Since at this point Brendan and Devon gave up on creating a functional blob tracking (as their software was relatively slow), I decided to take on the task myself. Based off the original Kineme's CVTools, I used their skeletal patch structure to implement various blob tracking algorithms (especially using labeling, and LK). However, we found that the tracking tools severely leaked memory, what ultimately led to a couple of hours hunting for memory leaks. Going forward, I continued to perfect the motion and blob tracking, until a very reasonable system being able to process about 15-20 fps was written. With a couple of days left, the plugin was ready, but at this point the group has decided that due to the significant integration that has already occurred between blob tracking as implemented in Isadora and Csound it will not be time feasible to use Quartz/OpenCV blob tracking (as it would require severe rewrite to Alex's music playing software).

(on image above: OpenCV-based motion tracking with example rectangles overlaid; you can see that velocities decay on my head produces multiple blobs, but this can be alleviated by using minimal blob size for display; the fourth, unmarked person was relatively stationary for about 10 seconds, and as such is not picked up as a blob)

As such I took upon myself to recreate our visual projection from Steve's circles-and-squares to more elaborate, particle system based Quartz composition which was used throughout the presentation and was easy to integrate with current settings. The system turned out to be very visually attractive:

During the presentation, for a short period of time, as a tongue-in-cheek joke, I added nyan cats as sprites overlying my particle systems and replaced Alex's music with a long loop of the nyan cat video. Needless to say, the audience was very amused and definitely appreciated the joke. Unfortunately, this cannot be said about the person that was currently staffing the Pulver's front desk. :-)

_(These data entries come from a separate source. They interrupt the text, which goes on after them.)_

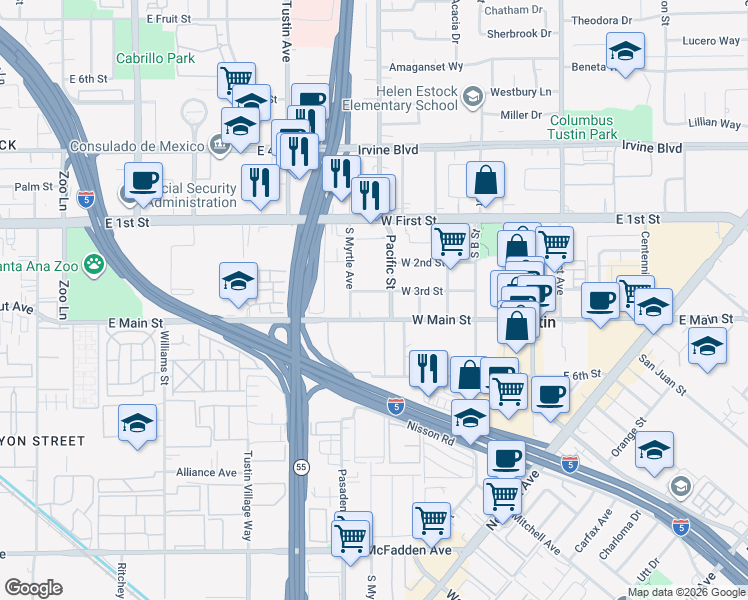 map of restaurants, bars, coffee shops, grocery stores, and more near 640 West 3rd Street in Tustin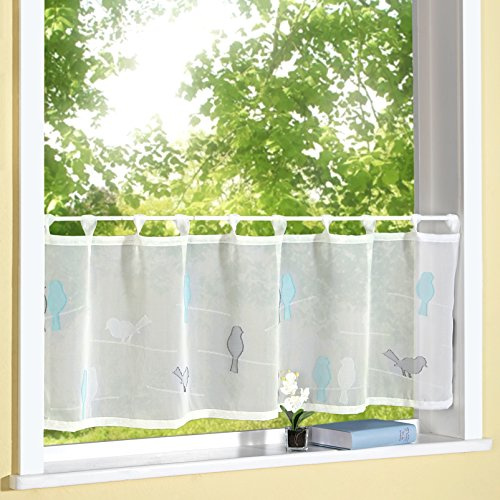 heimtexland ® Scheibengardine Natur Batist mit Schlaufen 45 x 140 cm gewebt mit süßen Vögeln in türkis Bistrogardine halbtransparent Modern Landhaus Gardine Vogel Typ568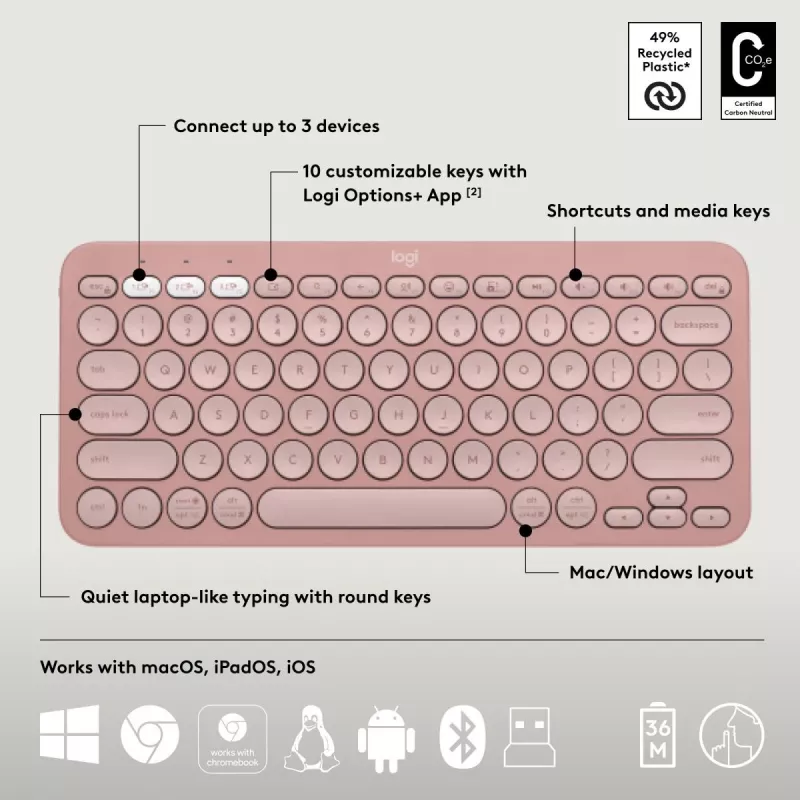 Logitech Pebble 2 Combo juhtmeta klaviatuur ja hiir roosa QWERTY
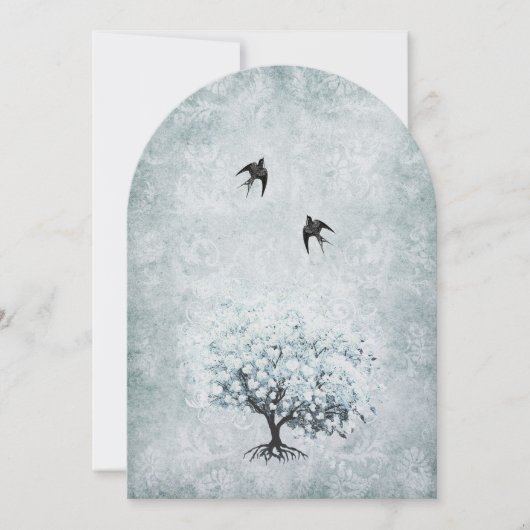 Viktorianisch Love Bird Blue Damask Herzleaf Tree Einladung (Vorderseite)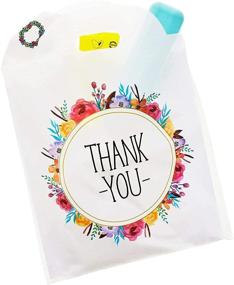 img 2 attached to 🌸 Floral Wreath Thank You Gift Bags with Handles - Pack of 100, Size: 12 x 13 inches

Throughout the process I created a number of interesting patches for Quartz Composer that wrapped OpenCV calls. What I am most proud of is the fact these can be further used in teaching Computer Vision, as with Quartz they provide an extremely easy - and fast - prototyping pipeline that can be used to create effective and powerful OpenCV presentations and simple applications. I plan on continuing "porting" OpenCV to Quartz in hopes that it can be used effectively as a teaching tool. I keep on adding and extending patches successively and the source code can be downloaded from my GitHub account.


My participation in this JanPlan class was a very last minute decision, and my arrival to the class was delayed by a couple of days. Even so, I managed to quickly find a team with which I had a great time cooperating and creating (in the words of one of the passers-by) 'it's such a cool idea!' art. It was very frustrating when my OpenCV tracker didn't make it to the final cut, and when the system would randomly crash due to the overload of data being sent to Csound. It was however a great team exercise that I have enjoyed very much.